841D.01/220: Telegram
The Minister in Ireland (Gray) to the Secretary of State
[Received 6:52 p.m.]
150. Supplementing my number 141, dated November 9, noon. I gather the impression from confidential sources that there has been no real misunderstanding of our attitude toward partition in London nor apprehension of United States misconception as to Irish Sovereignty versus the Crown but there have been misgivings as to whether the result which we hope to obtain from the note in question will in fact be obtained. There is a fear that by acceptance of this very friendly note or by adroit avoidance of the issue de Valera will gain a standing with us which would defeat the British hope of impairing his prestige by their present policy of forbearance and supply and maneuver us into the position of backing up his claim for the coercion of Ulster.
They would be more inclined to accept this approach, considered as a first step to the desired end, if it were disclosed what second step were contemplated.
They object to the draft which I prepared for two opposed reasons. Though admitting that it was framed on the theory of certain non-acceptance, they fear that taking de Valera publicly to task might have the unexpected effect of exciting sympathy for him in America and exciting a keener resentment against him in England which they [Page 163] deem undesirable at present for internal political reasons. They do not want their hands forced on Irish policy.

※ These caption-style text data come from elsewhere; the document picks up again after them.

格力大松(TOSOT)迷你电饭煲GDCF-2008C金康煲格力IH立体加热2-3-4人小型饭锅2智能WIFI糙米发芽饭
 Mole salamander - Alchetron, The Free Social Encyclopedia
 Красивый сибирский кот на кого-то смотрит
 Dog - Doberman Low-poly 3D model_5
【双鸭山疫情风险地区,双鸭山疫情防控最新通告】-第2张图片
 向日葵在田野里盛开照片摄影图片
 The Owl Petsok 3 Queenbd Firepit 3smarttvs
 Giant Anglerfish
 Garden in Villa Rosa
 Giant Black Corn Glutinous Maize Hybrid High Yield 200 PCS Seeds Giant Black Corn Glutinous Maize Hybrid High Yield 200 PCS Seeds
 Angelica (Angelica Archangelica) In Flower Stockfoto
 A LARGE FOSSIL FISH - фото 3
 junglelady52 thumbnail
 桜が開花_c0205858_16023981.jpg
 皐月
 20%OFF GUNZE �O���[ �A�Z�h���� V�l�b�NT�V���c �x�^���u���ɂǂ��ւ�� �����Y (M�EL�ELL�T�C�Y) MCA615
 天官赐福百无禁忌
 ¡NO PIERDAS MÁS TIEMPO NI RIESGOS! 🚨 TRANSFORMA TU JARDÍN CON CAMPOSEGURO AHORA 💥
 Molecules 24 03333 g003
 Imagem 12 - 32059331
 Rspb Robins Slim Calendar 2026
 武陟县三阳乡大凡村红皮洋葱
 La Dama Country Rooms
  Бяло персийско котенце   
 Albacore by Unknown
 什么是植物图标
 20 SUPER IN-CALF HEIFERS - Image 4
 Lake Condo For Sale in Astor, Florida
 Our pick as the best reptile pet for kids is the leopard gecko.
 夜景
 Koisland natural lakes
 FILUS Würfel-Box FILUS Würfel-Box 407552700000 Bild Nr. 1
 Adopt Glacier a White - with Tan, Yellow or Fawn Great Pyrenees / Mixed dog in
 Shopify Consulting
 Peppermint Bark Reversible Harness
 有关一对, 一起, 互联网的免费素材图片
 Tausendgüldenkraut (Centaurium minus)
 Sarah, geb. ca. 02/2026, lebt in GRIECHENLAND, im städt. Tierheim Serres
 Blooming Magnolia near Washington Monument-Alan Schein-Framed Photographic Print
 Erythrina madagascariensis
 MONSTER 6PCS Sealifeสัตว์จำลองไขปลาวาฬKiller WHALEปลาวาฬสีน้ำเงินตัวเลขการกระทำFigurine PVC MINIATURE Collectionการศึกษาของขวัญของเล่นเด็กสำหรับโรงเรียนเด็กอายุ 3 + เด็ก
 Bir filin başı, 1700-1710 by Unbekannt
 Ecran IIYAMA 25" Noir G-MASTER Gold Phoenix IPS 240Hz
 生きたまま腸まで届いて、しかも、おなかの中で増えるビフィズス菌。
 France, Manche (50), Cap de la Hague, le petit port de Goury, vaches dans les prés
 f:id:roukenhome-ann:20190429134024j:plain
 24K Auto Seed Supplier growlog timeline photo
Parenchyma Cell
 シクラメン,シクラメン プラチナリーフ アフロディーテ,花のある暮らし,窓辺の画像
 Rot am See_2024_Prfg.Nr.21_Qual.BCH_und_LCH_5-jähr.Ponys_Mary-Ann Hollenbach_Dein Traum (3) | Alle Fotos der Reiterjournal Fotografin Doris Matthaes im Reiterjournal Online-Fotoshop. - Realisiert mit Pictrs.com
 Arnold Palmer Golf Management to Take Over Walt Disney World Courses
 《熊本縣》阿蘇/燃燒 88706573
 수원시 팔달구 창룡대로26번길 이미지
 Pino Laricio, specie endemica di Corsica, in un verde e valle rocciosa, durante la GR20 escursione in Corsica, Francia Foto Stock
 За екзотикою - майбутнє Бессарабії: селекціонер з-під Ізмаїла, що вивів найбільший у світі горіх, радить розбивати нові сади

They also fear that the generous invitation to him to share in our victory might tempt him to accept.
I think that there is no doubt, however, that we both want to find! the best way to defend ourselves against attack by de Valera on Anglo-American understanding in the post-war period. The major differences between us appear to be as follows: (1) Since the British have got along thus far without help from Eire they do not wish to accept it now with its post-war implications. We, on the other hand, still feel it possible that we might find the ports useful for invasion assembly bases and air fields desirable for air cover. If acceptance unexpectedly did ensue and cooperative assistance were given even at this late date, it would seem to work for a long range conciliation between Eire and Britain which all Liberals should welcome. But as this is properly a British rather than an American concern we are not in a position to urge our view. (2) Britain feels that their generosity toward Eire establishes her record and would prefer to wait till the war ends before taking action. On the other hand if we do not get de Valera on the record as jeopardizing our war effort though entirely dependent on the United Nations for security and supply while the war lasts we should not be in a strong position. Might it not be possible, in conference, to work out our respective policies without prejudice to either side?
The foregoing for the Secretary is confidential.